Once the line containing "Фото экскурсии - Новогодний" is found, set down that line and each one after it exactly, through the end of the entries.
────
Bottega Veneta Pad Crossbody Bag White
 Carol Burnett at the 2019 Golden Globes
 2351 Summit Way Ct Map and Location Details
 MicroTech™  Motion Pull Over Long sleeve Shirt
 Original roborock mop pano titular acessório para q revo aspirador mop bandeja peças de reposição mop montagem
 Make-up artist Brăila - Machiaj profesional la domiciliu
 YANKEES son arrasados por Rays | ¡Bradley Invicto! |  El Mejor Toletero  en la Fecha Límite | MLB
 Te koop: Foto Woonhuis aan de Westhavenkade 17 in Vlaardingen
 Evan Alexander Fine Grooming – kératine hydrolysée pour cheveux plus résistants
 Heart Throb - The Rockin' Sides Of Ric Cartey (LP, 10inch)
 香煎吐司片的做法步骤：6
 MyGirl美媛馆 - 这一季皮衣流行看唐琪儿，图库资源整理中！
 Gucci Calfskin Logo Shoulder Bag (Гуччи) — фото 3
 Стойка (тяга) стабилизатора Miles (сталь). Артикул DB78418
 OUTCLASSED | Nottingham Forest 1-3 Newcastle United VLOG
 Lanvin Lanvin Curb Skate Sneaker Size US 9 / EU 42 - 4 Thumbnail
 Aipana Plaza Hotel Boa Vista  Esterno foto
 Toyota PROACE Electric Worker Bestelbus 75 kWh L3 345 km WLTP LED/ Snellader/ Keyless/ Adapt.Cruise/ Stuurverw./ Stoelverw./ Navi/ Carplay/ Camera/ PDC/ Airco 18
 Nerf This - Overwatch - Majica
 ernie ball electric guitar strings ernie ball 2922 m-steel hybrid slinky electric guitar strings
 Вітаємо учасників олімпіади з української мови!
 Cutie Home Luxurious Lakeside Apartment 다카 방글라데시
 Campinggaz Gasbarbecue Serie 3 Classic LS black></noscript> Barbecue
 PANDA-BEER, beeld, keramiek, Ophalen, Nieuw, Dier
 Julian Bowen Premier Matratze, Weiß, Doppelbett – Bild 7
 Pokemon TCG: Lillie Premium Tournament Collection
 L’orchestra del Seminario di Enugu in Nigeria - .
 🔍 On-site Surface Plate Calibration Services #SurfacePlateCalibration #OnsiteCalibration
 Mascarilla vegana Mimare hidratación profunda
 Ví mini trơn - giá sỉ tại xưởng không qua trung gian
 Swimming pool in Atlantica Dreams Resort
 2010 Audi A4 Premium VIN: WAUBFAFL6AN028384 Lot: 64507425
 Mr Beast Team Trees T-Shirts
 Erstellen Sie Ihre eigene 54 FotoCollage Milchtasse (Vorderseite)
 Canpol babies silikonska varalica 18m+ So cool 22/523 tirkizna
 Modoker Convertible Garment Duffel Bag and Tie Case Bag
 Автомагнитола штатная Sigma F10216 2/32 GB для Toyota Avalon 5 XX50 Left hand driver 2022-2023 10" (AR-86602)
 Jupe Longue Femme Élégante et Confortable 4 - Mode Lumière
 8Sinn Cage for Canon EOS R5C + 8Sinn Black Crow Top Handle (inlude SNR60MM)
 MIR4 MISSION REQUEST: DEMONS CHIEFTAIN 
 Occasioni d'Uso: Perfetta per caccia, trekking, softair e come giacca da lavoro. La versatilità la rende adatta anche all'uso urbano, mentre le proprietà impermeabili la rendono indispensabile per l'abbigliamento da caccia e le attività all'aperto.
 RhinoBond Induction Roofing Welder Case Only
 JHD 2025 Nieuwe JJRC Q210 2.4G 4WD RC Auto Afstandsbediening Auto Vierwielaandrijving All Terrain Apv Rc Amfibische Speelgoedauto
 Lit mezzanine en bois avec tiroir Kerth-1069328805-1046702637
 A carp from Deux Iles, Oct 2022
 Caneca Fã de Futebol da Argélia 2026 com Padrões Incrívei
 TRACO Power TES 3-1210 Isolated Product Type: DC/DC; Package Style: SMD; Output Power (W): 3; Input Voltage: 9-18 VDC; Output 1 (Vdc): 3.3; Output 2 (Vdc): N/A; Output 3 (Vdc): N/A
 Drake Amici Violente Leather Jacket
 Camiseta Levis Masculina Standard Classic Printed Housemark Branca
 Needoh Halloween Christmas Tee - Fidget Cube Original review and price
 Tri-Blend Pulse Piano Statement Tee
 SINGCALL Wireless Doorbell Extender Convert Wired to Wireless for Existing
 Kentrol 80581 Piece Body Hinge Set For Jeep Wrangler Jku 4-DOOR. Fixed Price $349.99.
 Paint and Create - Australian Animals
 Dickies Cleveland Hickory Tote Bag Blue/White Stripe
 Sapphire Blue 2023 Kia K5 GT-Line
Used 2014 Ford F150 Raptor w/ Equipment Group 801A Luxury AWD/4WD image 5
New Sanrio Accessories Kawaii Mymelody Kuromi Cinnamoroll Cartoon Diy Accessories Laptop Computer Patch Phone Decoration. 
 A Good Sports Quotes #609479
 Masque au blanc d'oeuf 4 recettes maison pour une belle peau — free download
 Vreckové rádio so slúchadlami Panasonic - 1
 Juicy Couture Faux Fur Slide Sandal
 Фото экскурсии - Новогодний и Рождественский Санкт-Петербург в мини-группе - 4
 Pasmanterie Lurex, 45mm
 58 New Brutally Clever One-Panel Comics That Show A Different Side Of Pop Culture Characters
────
• Written solution:
 Фото экскурсии - Новогодний и Рождественский Санкт-Петербург в мини-группе - 4
 Pasmanterie Lurex, 45mm
 58 New Brutally Clever One-Panel Comics That Show A Different Side Of Pop Culture Characters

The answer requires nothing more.